• [Required work]:
Only the lines below starting at the one containing "Grunce birck wall with concreate wall" and ending at the one containing "a bedroom with" belong in the answer, each copied exactly.

• [Supplied material]:
########

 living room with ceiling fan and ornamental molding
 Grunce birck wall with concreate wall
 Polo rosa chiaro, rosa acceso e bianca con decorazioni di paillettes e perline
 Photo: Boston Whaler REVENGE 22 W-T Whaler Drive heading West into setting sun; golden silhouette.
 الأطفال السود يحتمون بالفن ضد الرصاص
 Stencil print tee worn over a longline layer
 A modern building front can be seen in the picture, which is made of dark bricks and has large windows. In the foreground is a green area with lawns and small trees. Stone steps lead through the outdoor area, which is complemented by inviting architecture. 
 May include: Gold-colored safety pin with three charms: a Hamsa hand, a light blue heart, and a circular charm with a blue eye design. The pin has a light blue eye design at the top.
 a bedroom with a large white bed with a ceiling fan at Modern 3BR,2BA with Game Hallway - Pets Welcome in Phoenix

########

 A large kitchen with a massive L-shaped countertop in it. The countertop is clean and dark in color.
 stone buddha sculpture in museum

########

• [Written solution]:
 Grunce birck wall with concreate wall
 Polo rosa chiaro, rosa acceso e bianca con decorazioni di paillettes e perline
 Photo: Boston Whaler REVENGE 22 W-T Whaler Drive heading West into setting sun; golden silhouette.
 الأطفال السود يحتمون بالفن ضد الرصاص
 Stencil print tee worn over a longline layer
 A modern building front can be seen in the picture, which is made of dark bricks and has large windows. In the foreground is a green area with lawns and small trees. Stone steps lead through the outdoor area, which is complemented by inviting architecture. 
 May include: Gold-colored safety pin with three charms: a Hamsa hand, a light blue heart, and a circular charm with a blue eye design. The pin has a light blue eye design at the top.
 a bedroom with a large white bed with a ceiling fan at Modern 3BR,2BA with Game Hallway - Pets Welcome in Phoenix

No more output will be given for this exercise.